©Hattrick
「ここでたくさん、プレーしたんだなあ」と思いながら、3月5日(2014年)の代表戦を国立競技場で観衆として眺めていた。日本サッカーがアマからプロへ移りゆく時代、国立でたくさんの試合が繰り広げられた時代の、僕はど真ん中を生きたから。
あのピッチで僕は選手として認められた。国立は日本代表を育てた学びやだった。その場所がなくなることの寂しさはある。ピッチに出ていく前に必ず用を足した、控室横の思い出のトイレをのぞく。変わってないなあというか。ただ国際的イベントを催すには、トイレひとつとっても広さも数も足りないんだろう。

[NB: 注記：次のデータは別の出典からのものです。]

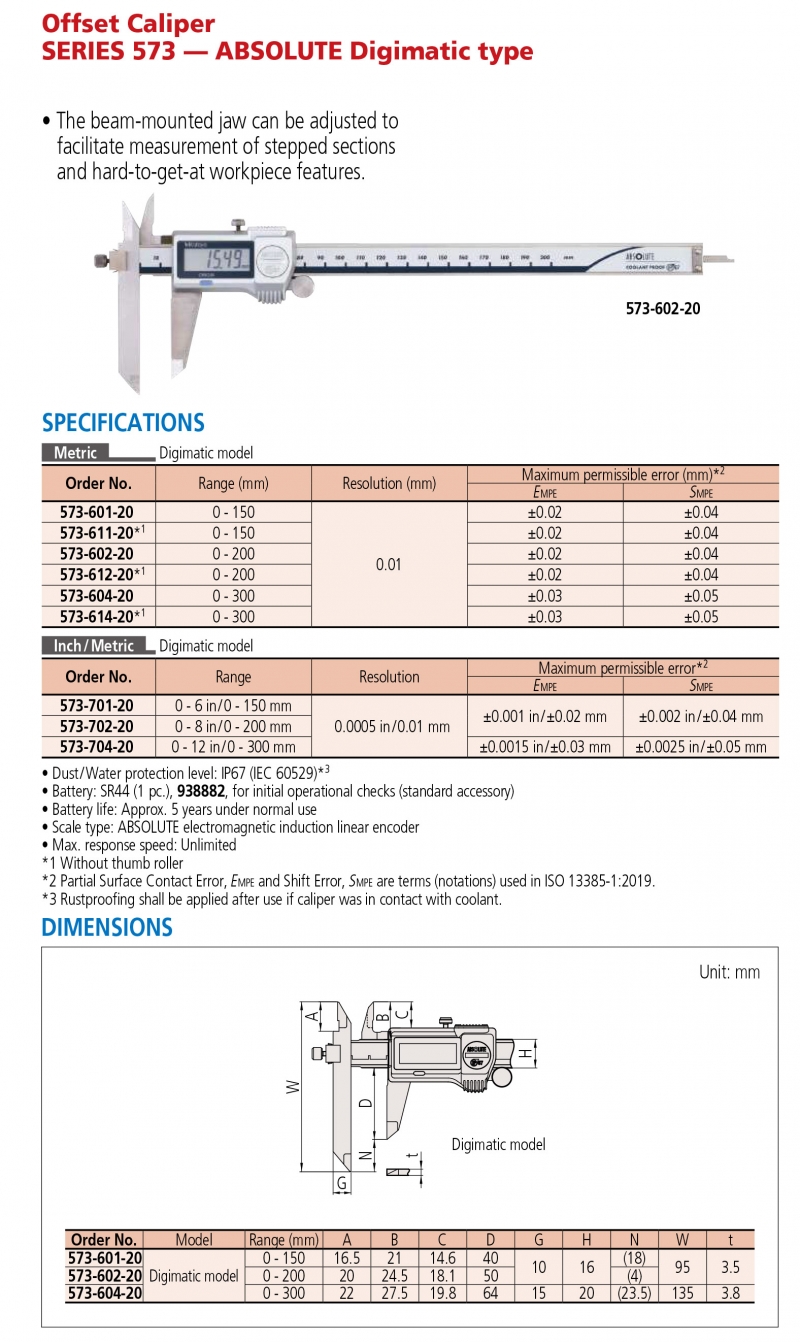 573-611-20 Thước cặp điện tử 0-150mm x0.01, đo bậc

国立が刷新され、またみんなの手で違った歴史が刻まれていくことも、素晴らしいことで。
パソコンと同じでアップグレードしていくということだね。サッカー選手だってアップグレードしなきゃ現実に対応できない。僕らは昔の思い出に浸っていてはプレーなんてできない。今には今のサッカーがあり、今の考え方がある。体と頭の中身を定期的に更新していかないと、取り残されるどころか、その世界で生きてはいけないんだよ。
僕の国立での国際Aマッチ29得点は歴代最多、という。これ、当時は国立しか代表戦ができる会場がなかったからで、数字だけ比べても意味がないよ。釜本邦茂さんの時代はAマッチが組みにくく、代表はクラブとの試合が多かった。それを算入すれば釜本さんのゴール数はかなり多いはず。いまの代表選手も国立だけで試合をしていたら僕に近い得点数を重ねていると思うし、逆にいえば僕は埼玉スタジアムなどでゴールを挙げる時代には恵まれなかった。ちなみに横浜国際総合競技場では代表はおろか、生涯得点ゼロ。

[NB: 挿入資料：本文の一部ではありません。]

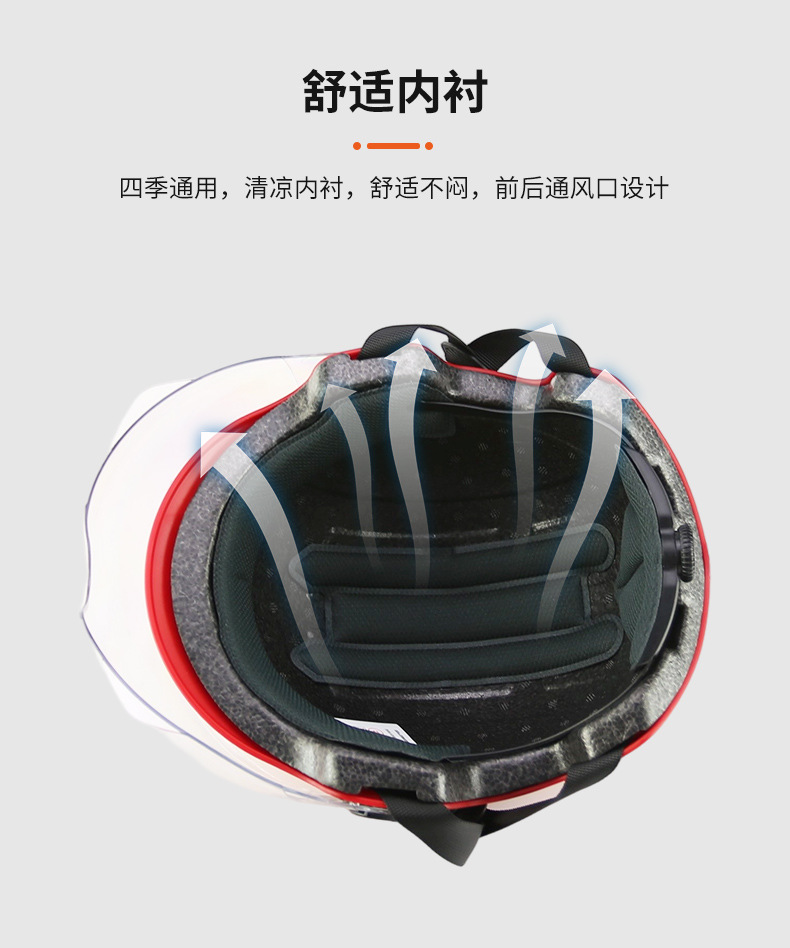 Motorcycle passenger helmet red four seasons universal adult helmet 3C certification new national standard electric car helmet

ただし数字が語るように多くの得点を取ったのは確かで、それだけ思いも語り尽くせない。1991年、トットナムから奪った2ゴール。ナビスコカップ決勝。1993年と1997年ワールドカップ(W杯)予選。国立での日々は自分のキャリアで大切で、今も生かされて、残っている。捨てたわけじゃない。だからって、それにすがってもいない。新しい国立競技場にもまた限りないドラマが待ち構えていて、歴史が積み重ねられ、だからこそ「聖地」として続いていく。
胸のなかのシャッターを押せばいいんだ。モノや選手の姿形を残せなくとも、心にシャッターがあれば。